We covered all this (at the time) and at no point did we hear about suicides, for instance. Staff did occasionally protest (we covered that and posted photos), but back then there was no aggressive crackdown on staff and their representatives. When Battistelli took over he introduced a de-motivational career path, which was explained also in this presentation [PDF]
. But what pushed people to depression and sometimes even suicide (not to mention brain drain due to departures and inability to attract/recruit talent) was explained in the following document from 3 years ago:
Zentraler Vorstand . Central Executive Committee . Bureau Central
03.11.2014
sc14260cp – 0.2.1/4.1
Management by FEAR
Dear colleagues,
Some of you may still remember a power-point presentation from a management meeting years ago that suggested “fear, isolation and punishment” as a method for dealing with “under-performers. The staff representation requested the (then) President to distance herself from such statements. She never did and neither did Mr Battistelli, when asked.
There are various names for such management methods. “Management by intimidation” (“MBI”) is one of them. As an annex, we have copied list of warning signs for MBI. We invite you to do the test and see which apply to our organization.

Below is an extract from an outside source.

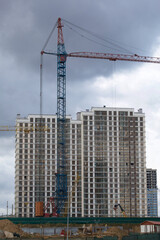 Fototapeta premium Construction of modern multi-storey buildings. New development of a residential area. House frames, construction cranes and building materials at the construction site.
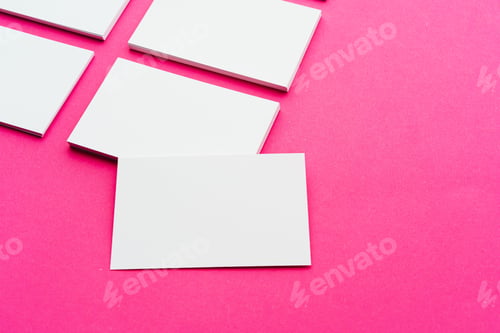 Preview: Mock-up on pink background. Businesscards with copy space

The article from which the list was copied1 states that MBI practices lead to a demotivated work-force and are costly for an organization. In the EPO the consequences of MBI might be less quickly visible because the quality of the work done (the most obvious part to suffer) is not properly measured, and our income derives in part from the work done in the past (renewal fees). Still: the long-term impact will be negative on the organisation and the costs in terms of human suffering and reputation will be huge.
We therefore call on the individual responsibility of each staff member and each manager to resist the current development. For managers this means in particular not exposing staff under their responsibility to the isolation2 and punishment3 that is part of the Office’s new way of dealing with “challenging people4”.
SUEPO Central
_______________
1 Impact of Management by Intimidation on Human Capital: Is It Destroying Your Organization?

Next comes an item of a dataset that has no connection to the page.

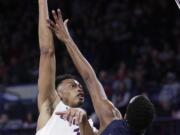 Gonzaga forward Johnathan Williams (3) shoots over San Diego forward Juwan Gray (12) during the first half of an NCAA college basketball game in Spokane, Wash., Thursday, Feb. 1, 2018.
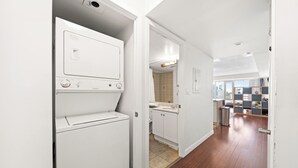 A laundry room with stacked washers and dryers, a kitchen with a sink and cabinets, and a view of the city through large windows. - Modern Downtown Studio Steps to Yonge-Dundas (Toronto)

http://www.acua.org/ACUA_Resources/Auditor/Summer2006.pdf, pages 5-10
2 e.g. suspension
3 usually dismissal.
4 “DG1 Teaming Up: Challenging People”, A. Bailas, Yann Chabod
http://babylon/projects/babylon/acedg1.nsf/0/268766D76E00FFB8C1257C8200471D56/$FILE/Presentation_MM14_Challenging%20People.ppt
Warning Signs of MBI (Management by Intimidation)
After years of consulting and management reviews, the authors discovered patterns of behavior. Do you see these in your organization?
1. Use of Threats: MBI practitioners threaten or intimidate people to perform, not inspire people to do their best. Letters of warning, informal threats of dismissal and informal requests to resign are some of the popular tactics used by MBI practitioners in organizations. Show of unchecked power is the basis for their operating philosophy.
2. Ineffective Oversight Body: Members of the oversight body (e.g., board of directors) are carefully screened and hand-picked. The intent is to ensure that members, who do not habitually question the activities of management, are selected and retained. Such an ineffective oversight body gives MBI practitioners a carte blanche to act administratively with unchecked powers. The body views auditors as necessary evils, rather than partners who assist its members in discharging their oversight responsibilities. The need to avoid micro-management is used as an excuse for this kind of hand-off oversight philosophy.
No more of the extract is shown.